Esta imagen, no es necesario decirlo, conjuga el colmo de la ironía, de la risa
y de la ruina; de la tragedia y las apostillas del azar. No queda nada de los atures,
que vivieron siglos por esas orillas, no queda absolutamente nada sino un puñado
de palabras en atur, apenas graznadas por un loro viejo, ahora encaramado entre
las chozas de los enemigos caribes, comiendo de su yuca.
Humboldt
sabe inmediatamente lo que tiene que hacer y se pasa horas con loro, papel y
pluma. Al cabo de haber ejercitado al máximo su entrenado oído, logra
determinar, aunque sea algo azarosamente, unas cuarenta palabras atures. Y las
registra. Aunque ni él mismo, ni nadie más, supiese qué significaban,
intraducibles para siempre. Ese fue el homenaje y el duelo más hermoso que
jamás hubieran podido recibir los atures.
Inevitablemente
el gesto de esa transcripción, por llamarla así, nos interpela ceñudamente, hoy
que vemos morir lenguas y lenguas por doquier. La de los caribes, de hecho,
desapareció hacia 1920. Y hace poco nomás, se certificaba como extinta, en
Bolivia, la lengua de los guarasug’we, de quienes sabíamos gracias al muy
hermoso libro que les dedicó Jurgen
Riesler -otro alemán tenía que ser: Los guarasug’we.

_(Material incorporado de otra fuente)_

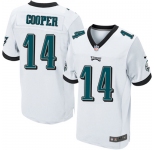 nike nfl jerseys philadelphia eagles #14 cooper white [Elite]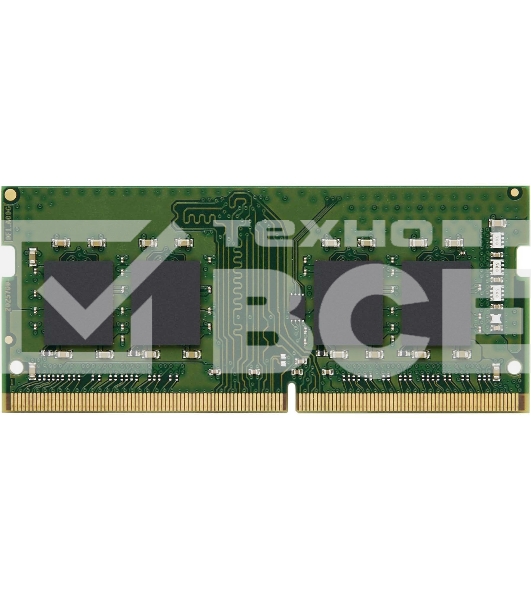 Оперативная память Kingston ValueRAM, DDR4, 16GB (1x16 GB), 2666 MHz, CL19, SO-DIMM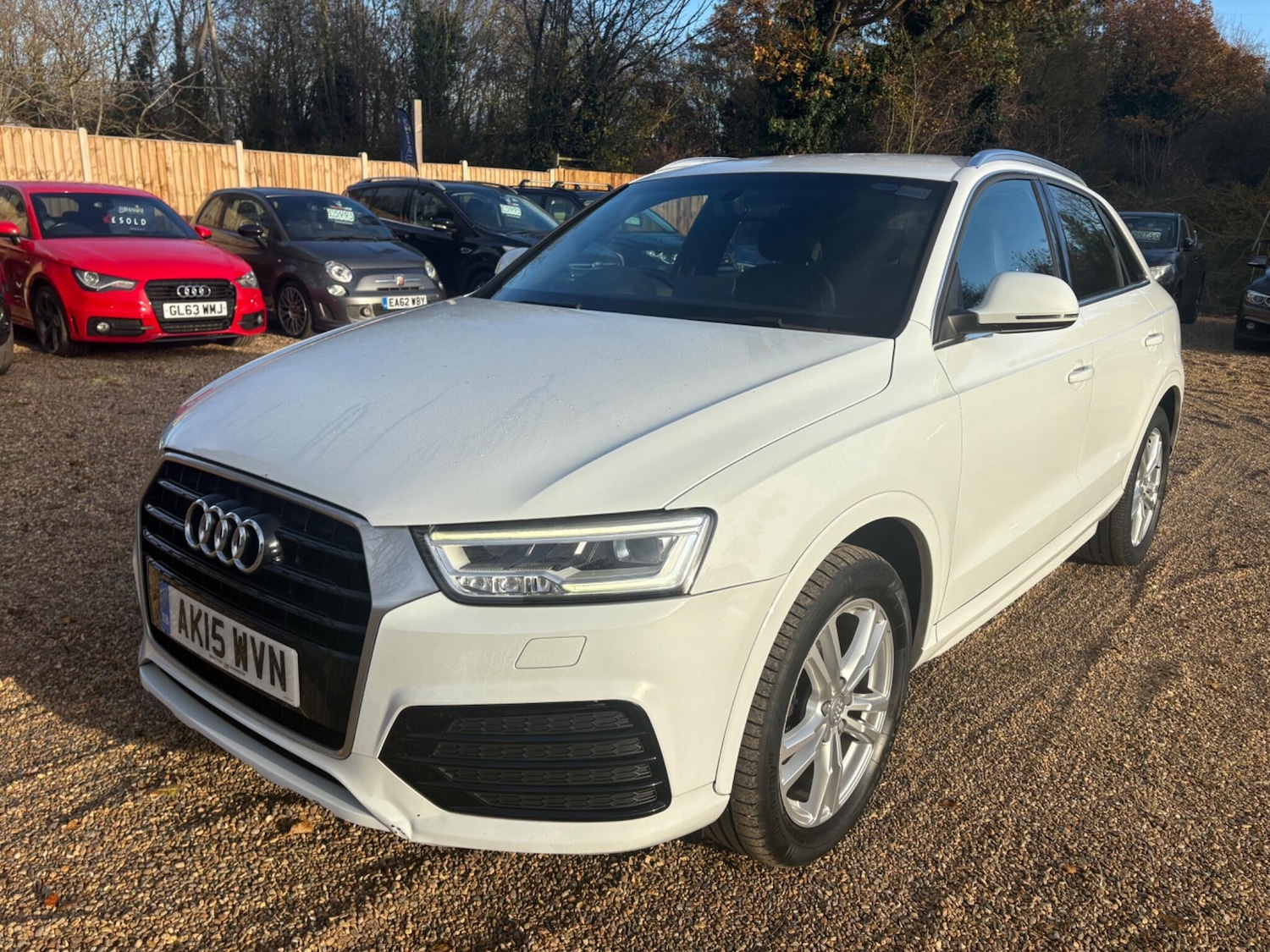 Used Audi Q3 2015 for sale - 76527750: Photo 1
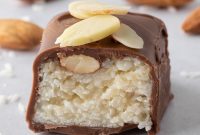 No-Bake Coconut Chocolate Bar Recipe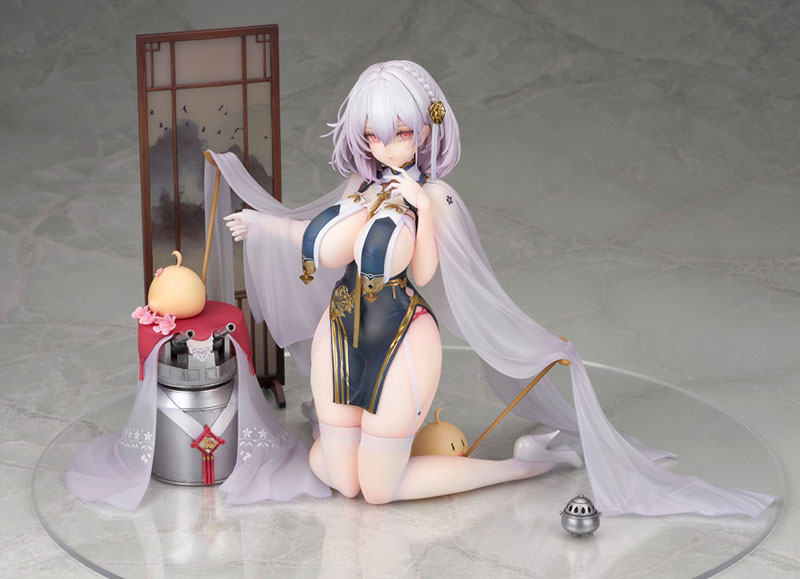 最高の品質 アズールレーン 完成品フィギュア シリアス 青雲映す碧波
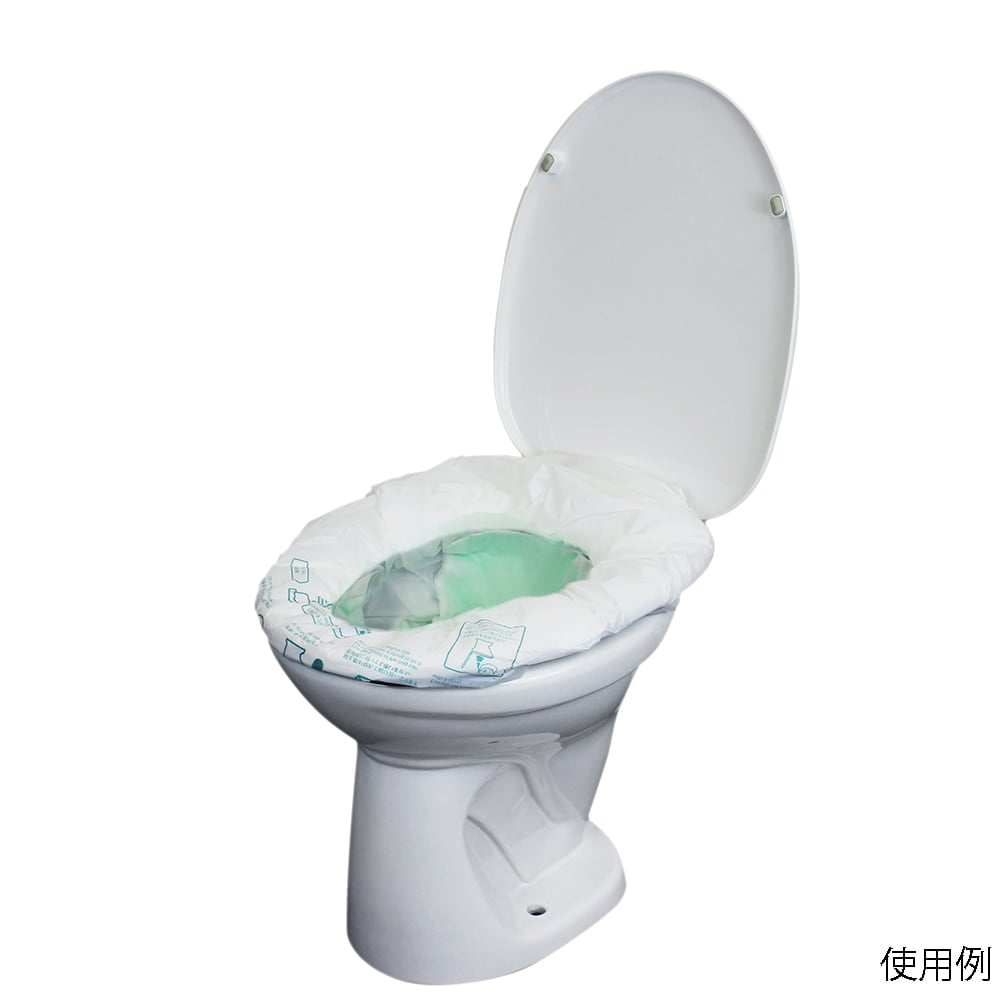 사니타 클린 박스(휴대용 화장실 10장입) 내츄럴 그레이 BS-229 1 세트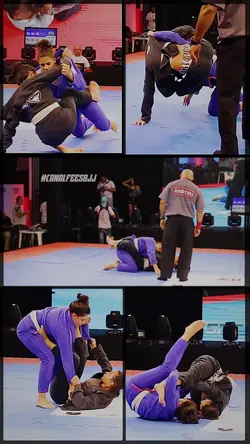 Luta Jiu Jitsu 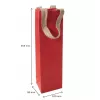 SIGEL Red Coco papierové darčekové tašky, 10 x 35,5 cm, balenie 5 ks (ET012)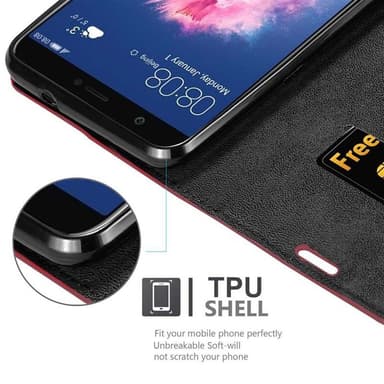 Huawei P SMART 2018 / Enjoy 7S lommebokdeksel case
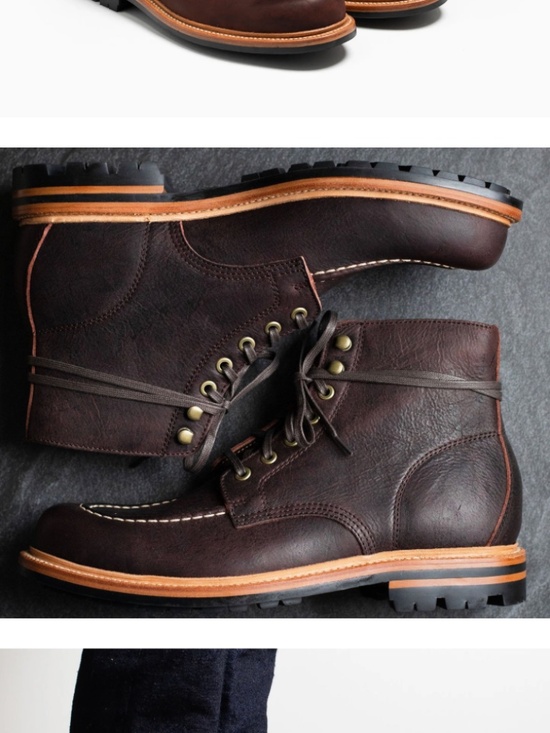 Grant Stone Dark Burgundy Boot in Size 10 main image 8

Crónica de sus últimos días. (Los Amigos del Libro, 1977).
¿Pero
qué se pierde, qué se va con cada lengua que desaparece? Y los lenguajes de
tribus o sociedades tan pequeñas, tan frágiles y efímeras en estos tiempos
¿tienen particularidades que las delatan como tales, expresan mundos totalmente
diferentes de los que podamos imaginar? Las relaciones
lenguaje-pensamiento-sociedad, ¿hasta qué punto pueden diferenciarse unas de
otras? Para saber de ello, y de paso acabar con la idea de la supuesta
gramática universal de Chomsky, nada mejor que acercarse a la lengua de los pirahã, otra
pequeña tribu de la Amazonia.
De
entrada, empecemos con las sorprendentes singularidades de los pirahã: 1) No
tienen números o numerales, ninguna forma de cuantificación o concepto de
conteo. 2) No tienen términos para referirse a los colores. 3) No tienen
subordinación ni recursividad en la gramática. 4) Tienen el inventario de pronombres
más simple conocido. 5) No tienen tiempos relativos, solo conocen el presente.
6) Tienen el sistema de parentesco más simple conocido. 7) No tienen mitos de
creación ni ningún tipo de ficción. 8) No tienen memoria colectiva de más de
una o dos generaciones hacia atrás. 9) No tienen dibujos u otro tipo de arte.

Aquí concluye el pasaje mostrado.